Microsoft is this year's Annual Report Card winner in Data and Information Management, soundly beating rivals IBM--which had won in this technology category the last two years--and Oracle. Microsoft improved its overall score by nearly 10 points, reflecting nearly 10-point gains it made in its support and partnership scores and an eight-point gain in product innovation.

2012 Annual Report Card Home Page

Microsoft has traditionally run third against IBM and Oracle in the $20.6 billion global database software market: In 2011, Microsoft's $4.1 billion in database software sales represented a 17 percent share of that market compared with IBM's 20.2 percent and Oracle's whopping 48.8 percent, according to Gartner.

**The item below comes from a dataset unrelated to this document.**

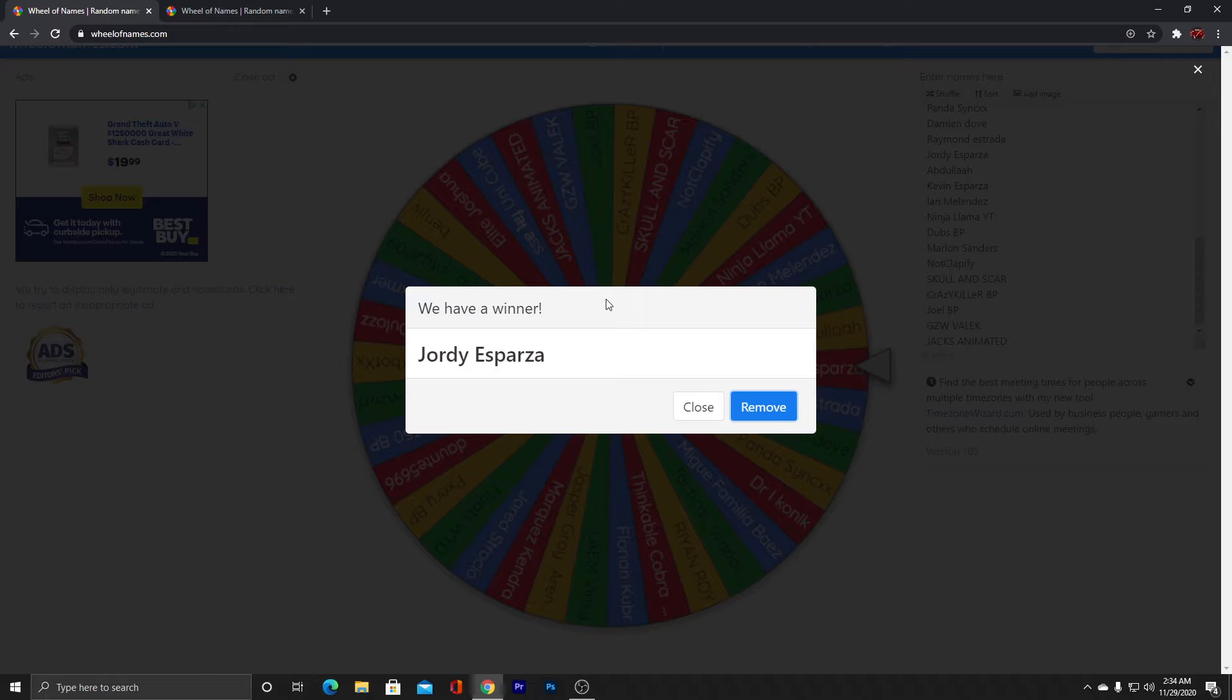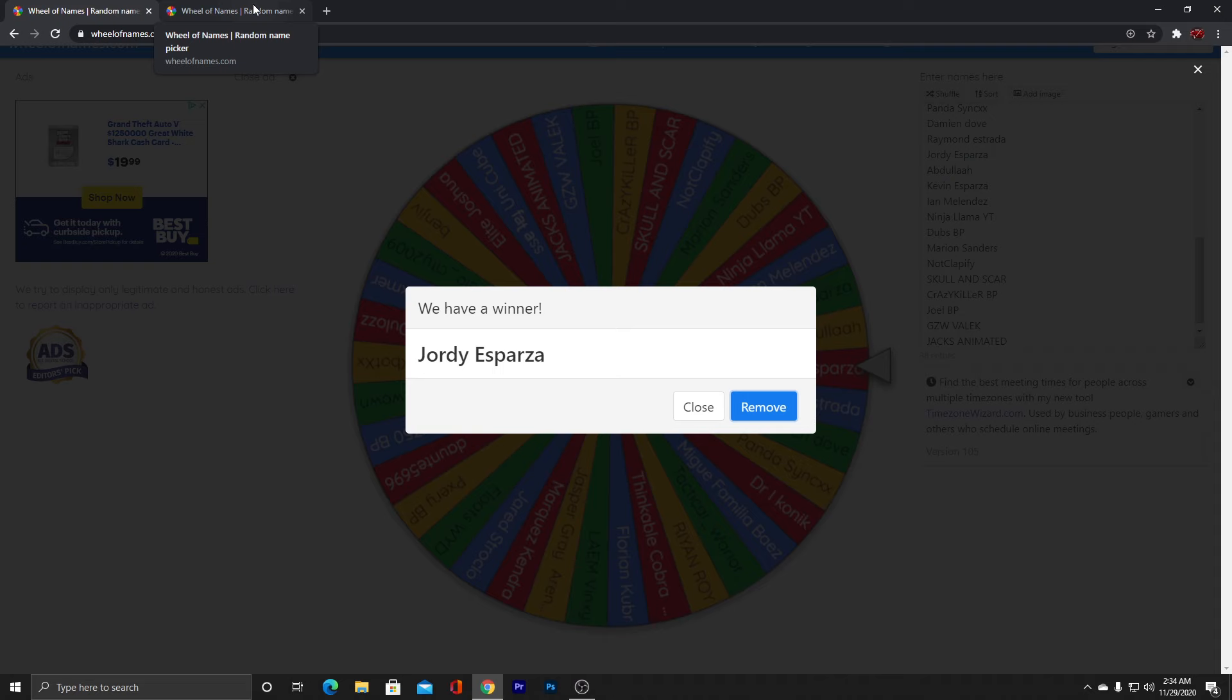The first winner was Marion Sanders. The second winner is Jordi Esparza. And everybody knows that on Tuesday, Season 5 is going to start. So I'm going to be choosing the winner on Tuesday. That's December 1st.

IBM and Oracle suffered significant declines in their ARC scores. For Oracle, that was largely the result of a precipitous drop in its product innovation score, while IBM's partnership scores sank.

Microsoft's high scores in product innovation are the result of the vendor's "overall vision of where we're taking our product and where we're taking our customers" with the data management platform, said Doug Leland, Microsoft general manager of SQL Server marketing. He cited the product's ability to handle structured and unstructured data, in-house operational data combined with data from outside the organization, and the ability to "derive real value and insights out of that data."

"What we find the most innovative with SQL Server 2012 and Windows Azure is the flexibility," said Adam Worobec, business intelligence practice director at Tallan, a Rocky Hill, Conn.-based Microsoft partner. "You can keep data on-premise, in the cloud, or both. You can help a small department manage a few megabytes of data or crunch through hundreds of terabytes of an enterprise's customer purchase history. You have the tools to make sure the data stays clean and secure, yet can be accessed quickly and easily.

"We believe the heart of Microsoft's innovation lies in that open platform. It enables partner firms like ours to extend their capabilities, effectively adding our innovation on top of Microsoft's innovation."